Portanto, o evento que eclodiu com o memorando de setembro de 2020 não veio do nada, e muito menos indica que irá arrefecer suas forças tão rapidamente — como indicam as leis anti-teoria-crítica-racial que vêm sendo aprovadas em cada vez mais estados dos Estados Unidos. Essa tática republicana possui muitos pontos em comum com o movimento “Escola sem Partido” aqui do Brasil. Mas para explicitar melhor essas semelhanças, primeiro devemos, assim como fizemos com a teoria crítica racial, explicar o que seria esse movimento.

2. Escola Sem Partido

Apesar de sabermos que a ideia do “Escola sem Partido” não é única e não há homogeneidade entre aqueles que “militam” por essa “causa”, tomaremos como ponto basilar para a caracterização do movimento as informações contidas no próprio site oficial do movimento [9].

O Escola sem Partido é “uma iniciativa conjunta de estudantes e pais preocupados com o grau de contaminação político-ideológica das escolas brasileiras, em todos os níveis: do ensino básico ao superior” [10]. Essa definição mostra pelo menos duas coisas: quem compõe e quais as preocupações dos membros desse grupo. O mais relevante dessas duas características é a expressão indeterminada “contaminação político-ideológica”. O próprio texto de apresentação continua a citar esse objetivo, mas o mais próximo que se chega de uma definição dele é quando eles “identificam” o problema da educação brasileira, a saber: “a instrumentalização do ensino para fins ideológicos, políticos e partidários” [11]. Seus objetivos são abrangentes e indefinidos, sempre utilizando-se de termos vagos como “ideologia”, “contaminação ideológica” e “doutrinação ideológica”.

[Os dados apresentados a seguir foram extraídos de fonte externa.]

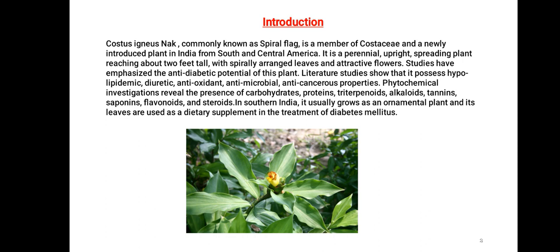Studies have emphasized the anti-diabetic potential of this plant. Literature studies show how it possesses hypolipidemic, diuretic, antioxidant, antimicrobial, and anticancerous properties. Phytochemical investigations reveal the presence of carbohydrates, proteins, triterpenoids, alkaloids, tannins, saponins, flavonoids, and steroids.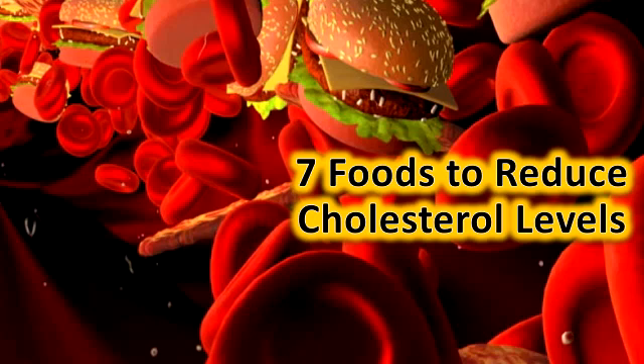Legumes: All legumes are rich in proteins and soluble fibers. Try to include varieties like chickpeas in your diet to reduce cholesterol levels. Soybeans: Soy and tofu milk are high in protein and fiber, thus helping in keeping cholesterol levels under check.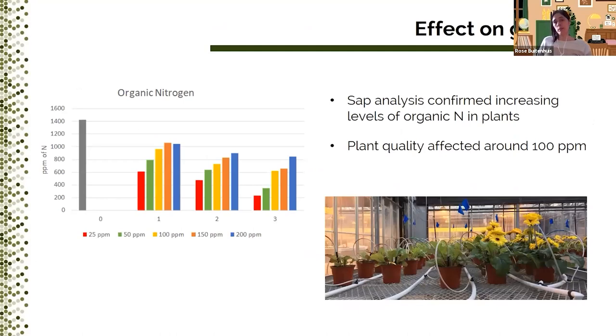To know if the fertilizer treatments actually changed the nutrient levels in the plants, we sent samples away for sap analysis at each sampling date. We chose to analyze the sap instead of the more common tissue analysis because this is what whiteflies and thrips ingest when feeding on the phloem and cell contents. This very colorful graph shows the results of the sap analysis for organic nitrogen — the amino acids and proteins we think are most important for insect nutrition. The colors represent the different fertilizer rates at 25, 50, 100, 150, and 200 ppm of nitrogen, and you can see that we succeeded in creating increasing levels of organic nitrogen in the plants over time.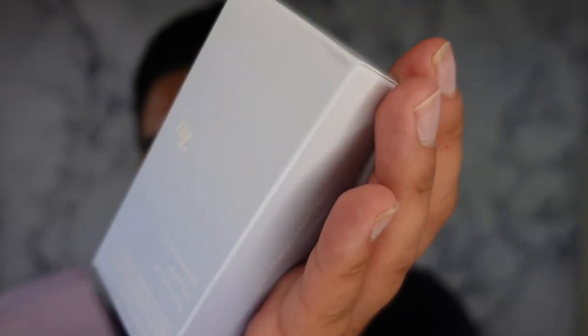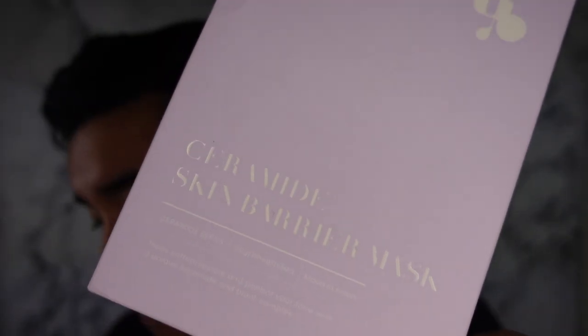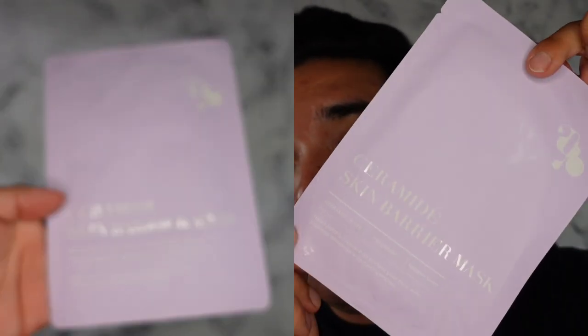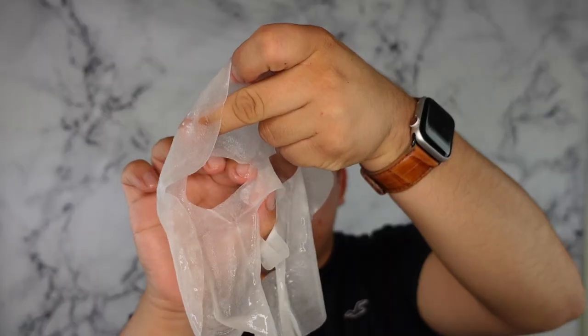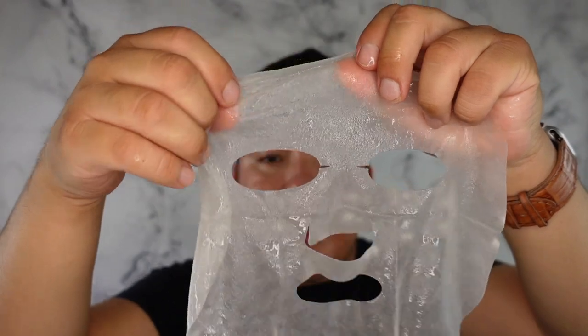They also sent an ampoule and their sheet masks — the Cica Barrier Ampoule and a Ceramide Skin Barrier Mask. I'm going to go with the sheet mask first. The Ceramide Skin Barrier Mask helps soften, restore, and protect your face with a unique ceramide and protein complex. I actually put this in the refrigerator for a nice cooling experience. It's nice and wet — it feels like a proper wet sheet mask, not like an emulsion, which is common with ceramide masks.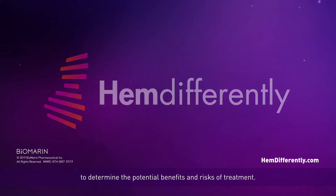For more information and informational videos about the science behind the ongoing research in gene therapy, please visit us at hemedifferently.com.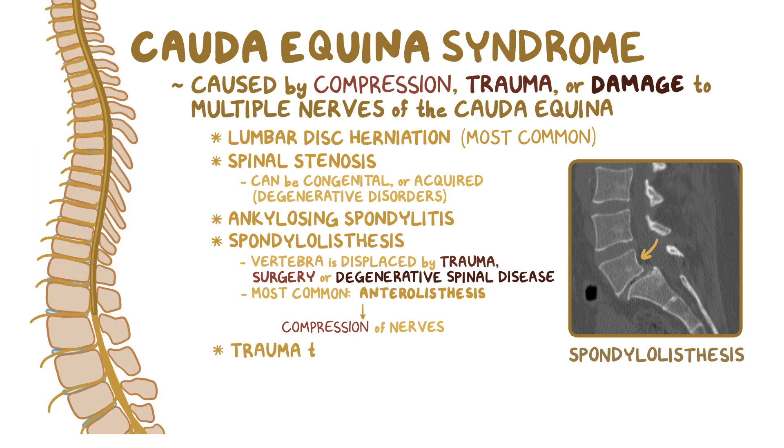Any trauma to the spine, like the one caused by a car crash or gunshot, can lead to nerve damage or compression directly, or by causing bleeding inside the spinal canal, causing compression via hematomas. Additionally, any growth within the spinal canal like tumors, cysts, or abscesses can cause compression on the spinal cord and nerves.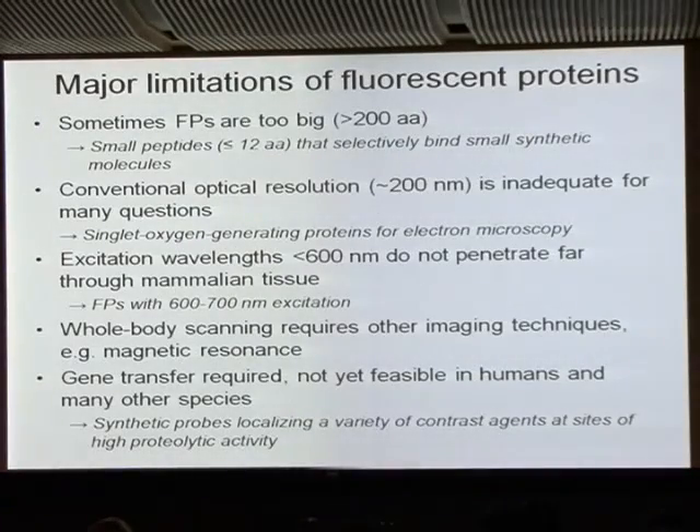Having shown you that, I want to be the first to acknowledge that fluorescent proteins do have severe limitations. Sometimes they're just too big — always more than 200 amino acids, typically 220 to 240, forming an 11-stranded beta barrel. It's surprising how often host proteins fused to them survive and function fairly normally, but it isn't always true. For those cases we have developed small peptides as small as 12 amino acids that selectively bind small synthetic molecules.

Nas perguntas e respostas do site, podemos encontrar, como resposta à pergunta “Mas o que há de errado em querer despertar a consciência crítica dos alunos?”, o seguinte comentário: “não haveria nada de errado, se esse ‘despertar da consciência crítica’ não consistisse apenas e tão somente em martelar ideias de esquerda na cabeça dos estudantes” [12]. Desse trecho, podemos perceber que a “doutrinação ideológica” supostamente exercida nas escolas seria instrumentalizada por meio do “despertar da consciência crítica” com o objetivo de “martelar” ideias de esquerda nos estudantes. Sendo os alvos das “ideias de esquerda” seriam: “a civilização ocidental, o cristianismo, os valores cristãos, a Igreja Católica, a ‘burguesia’, a família tradicional, a propriedade privada, o capitalismo, o livre-mercado, o agronegócio, o regime militar, os Estados Unidos, etc” [13]. Em geral, todas palavras que fazem parte do léxico da classe média brasileira conservadora.

3. Congruências

Apesar de serem movimentos separados tanto no tempo quanto no espaço, o Escola sem Partido e o ataque à teoria crítica racial podem ser identificados dentro de uma categoria: o reacionarismo. Entendemos o reacionarismo como qualquer reação à mudanças, reais ou fictícias, em relação ao status quo ideal. No caso dos “movimentos” analisados, as mudanças são ambas reais e fictícias:

Reais no sentido de que tanto na sociedade brasileira quanto na sociedade estadunidense houve mudanças em relação às antigas formas de opressão e de estruturas de poder, tais como racial, LGBTQIA+fóbica, de gênero etc. É fato que pautas caras ao movimento negro, feminista, LGBTQI+ etc. estão cada vez mais sob holofotes e a sociedade não mais as ignora no debate público. Contudo, apesar das mudanças significativas em termos de visibilidade, o mesmo não pode ser dito dos indicadores materiais dessas opressões. Nunca tantos negros estiveram atrás das grades, e homicídios contra pessoas LGBTQIA+ não tiveram recuos significativos.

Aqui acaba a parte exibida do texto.